Встречи с профессоре мы не касались. «Хватит об этом», — сказала синьора. Еще она обронила, что для похода на чердак надо бы запастись масками — незачем дышать плесенью и крысиными экскрементами. Восторг перед тайной несколько поугас, но в саду синьора воспрянула духом. Сад — большой квадрат внутреннего двора — оказался завораживающе красивым. Совершенство неземной красоты — чувствовалась рука профессионала.

Синьора показала мне растущее в одном углу тутовое дерево, в другом — гранат, оба узловатые, в весьма почтенных летах; еще там были магнолии и лимонные деревья, а вдоль стен выстроились посаженные шпалерным способом яблони и груши. В центре журчал древний фонтан, выложенный щербатым гранитом или лавовым камнем: пухлые ангелочки-путти трубили в металлические рожки, из которых в широкую чашу выплескивалась вода. Вокруг фонтана на замшелой каменной кладке примостились огромные вазоны, тоже древние на вид, судя по грубой лепке, и в каждом — цветочно-травяное буйство, где я разглядела и знакомые растения, и что-то совсем экзотическое, причем основная масса до сих пор стояла в цвету. Синьора ласково погладила бутоны, перечисляя мне названия растений и отщипывая попутно отцветшие головки и сухие листья. Свет в садике был изумительный: темная прохлада по углам, наполненные полуденным солнцем фонтан и цветочные вазоны, сочные, яркие краски и ароматы, каменные скамейки… Настоящий рай в миниатюре. Я вопросительно посмотрела на синьору.

— Да, я всегда была садоводом, — с улыбкой пояснила она. — Сейчас вот приходится ограничиться этим закутком. Я ведь в основном жила не здесь, хотя и приезжала зимой. У нас загородный дом недалеко от Вероны, там у меня громадный сад, но на него сил уже не хватает. Здесь жизнь попроще. Венеция хоть и недешевый город, но всё не так дорого, как содержать два дома и штат садовников.

Она погрустнела.

— Как нелепо и стыдно, что я совсем ничего не знаю про историю этого дома. Опозорилась перед Ренцо. Иногда я пытаюсь представить здешних монахинь — может, и они разводили сад во дворе, вдруг среди них нашлась любительница.
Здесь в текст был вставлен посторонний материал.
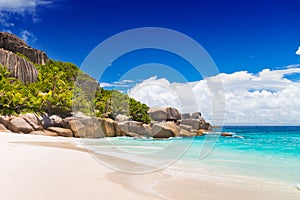 Amazing tropical beach with granite boulders on Grande Soeur Island, Seychelles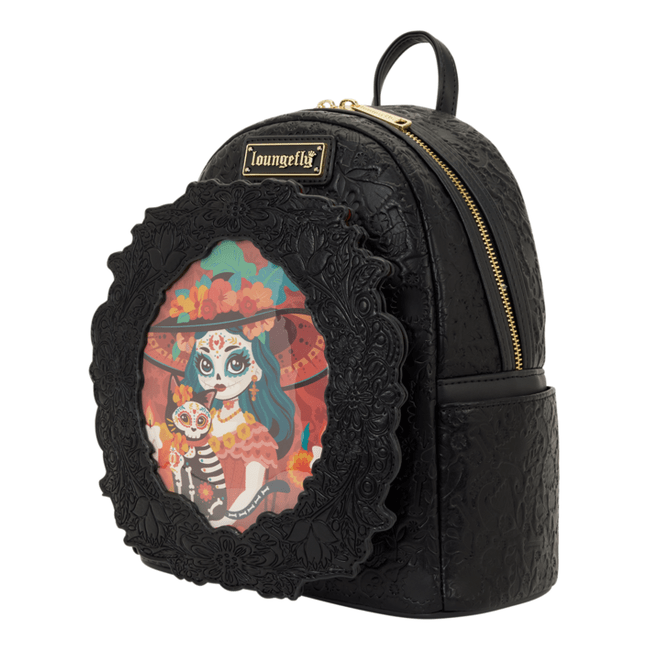 Loungefly - Day Of The Dead Sugar Skull Mini Backpack With Embroidered Details And Adjustable Straps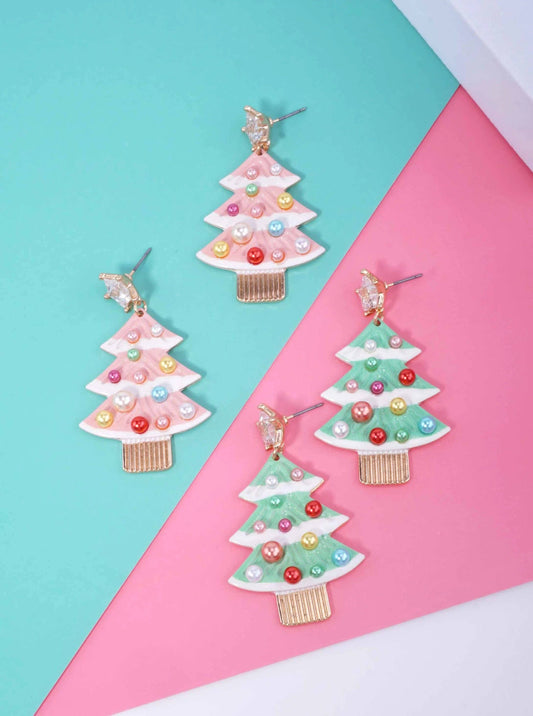 Pearl Enameled Christmas Tree Post Drop Earrings - Color Options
Интересно было бы узнать. Вот этому фонтану очень много лет. Сколько всего он мог бы, наверное, поведать…

— У меня с историей так же, — призналась я. — Знаний не хватает, и я кажусь себе ленивой невеждой. Но ведь факты — это еще не все.
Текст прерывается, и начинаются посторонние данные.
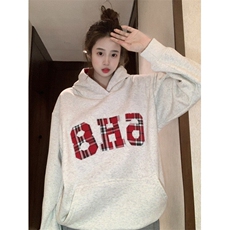 EE166-P75华棉加绒加厚卫衣女秋冬宽松设计感刺绣连帽保暖上衣，男装卫衣，星座911-3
Мы в молчании созерцали зеленый дворик. Я мысленно надела на нас белые апостольники — или что там носили монахини в пятнадцатом веке — и попыталась представить, о чем бы мы беседовали в то время. О Боге, о политике, о неуживчивой новенькой, о мужчинах? Я проникалась привязанностью к этой необыкновенной женщине, впустившей меня в свой дом, в свой сад. Моя аббатиса, подумала я. И рассмеялась.

— Что ты смеешься?

— Мне так странно и радостно, оттого что я здесь.
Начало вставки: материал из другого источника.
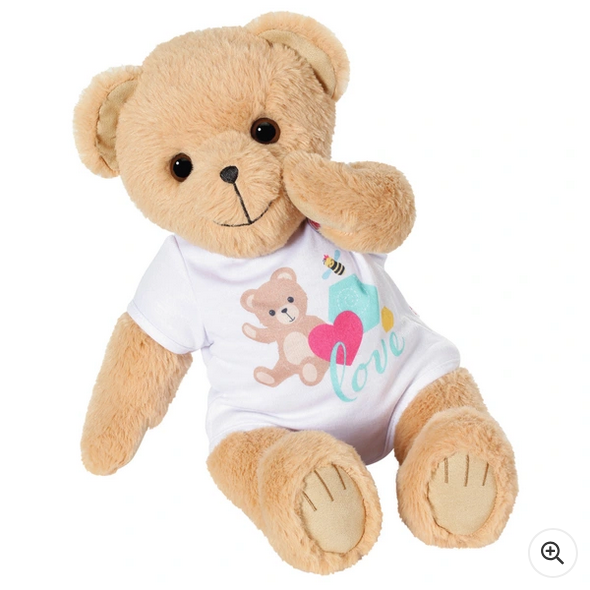 Baby Born Teddy Bear Plush With White Tshirt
— А я рада, что ты осталась. У меня почти никого нет, и молодая девушка в доме — это великолепно. Пробуждает воспоминания. Но сегодня я, пожалуй, отдохну. Маттео отведет тебя в «Ла Барку», там отличная рыба. А мы с Лео пойдем к себе, набираться сил для завтрашнего исследования.

Услышав свое имя, Лео, пытавшийся откромсать какой-то лист, встал, потянулся, припав на передние лапы, и вопросительно поднял голову.

— Саго [22], — ласково проговорила синьора, беря его на руки. — Хороший мальчик, умница, нежный мальчик.

Лео от души чмокнул ее в щеку.

Мы с Маттео шагали по улицам. И он, и я успели принять душ и переодеться на выход. Я сменила черный, маскировочный, цвет траура по моей несчастной жизни, на вторую свою симпатию — бежевый. Бежевые слаксы, бежевая льняная рубашка, сандалии, коралловые серьги. Маттео выглядел по-итальянски сдержанно. Черные брюки, серо-голубой джемпер с подтянутыми к локтям рукавами. Красавчик. Светлые волосы, еще не совсем высохшие после душа, казались темнее. От него пахло каким-то приятным мылом. А вид был сосредоточенный.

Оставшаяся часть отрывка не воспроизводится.